Shusaku Uchiyama: There were a number of reasons involved in the decision to produce it in Japan. First, and foremost, was the fact that Mr. Hirano and the Tokyo Chamber Orchestra, who would guarantee a spectacular result, were based in Japan. The schedule was also a factor, and we needed to think on our feet and respond quickly to its changes and demands, so we decided that producing the score in Japan was the best option. In regards to the arrangement, I was influenced to some degree by my many predecessors, but at the time I was listening to a great deal of Polish modernist music, and I may have been influenced by that as well.
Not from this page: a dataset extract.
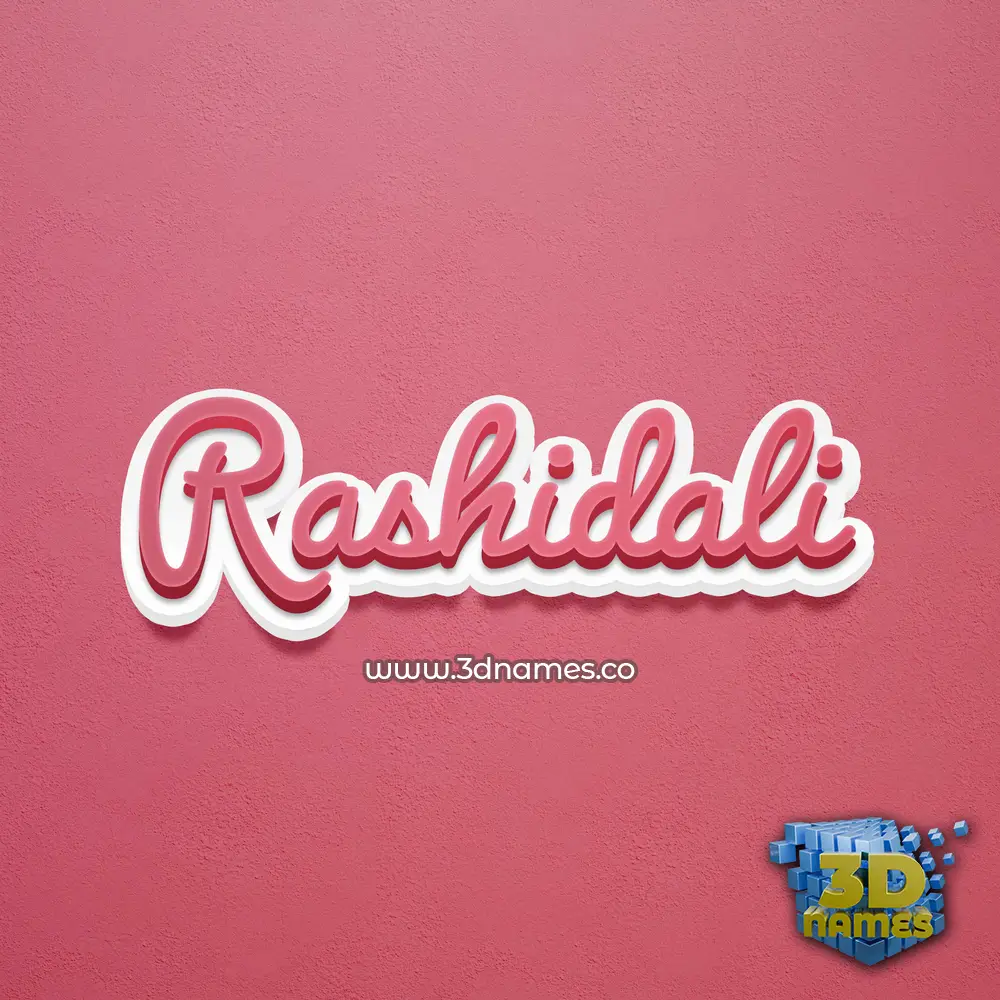 rashidali in Red Scribble style - 3D name wallpaper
Takeshi Miura: We chose Mr. Hirano as orchestrator for this score because his frantic style matched the style of Resident Evil. We chose a Japanese orchestrator because we wanted to prove that we could produce something that could rival Hollywood. I believe that, if you listen to the finished product, you will come to the same understanding. After completing the demos we met with Mr. Hirano, and the orchestration progressed without any major conflict. As for the choral arrangements, we decided on a case-by-case basis whether or not it was fitting for the game.
Chris: Resident Evil: The Darkside Chronicles also featured a number of original compositions. Could you discuss how you approached composing original music for this title and integrating the themes into the new scenarios? In particular, could you discuss creating two of the score’s highlights, “Sleeping Beauty” and “Darkness Falls”?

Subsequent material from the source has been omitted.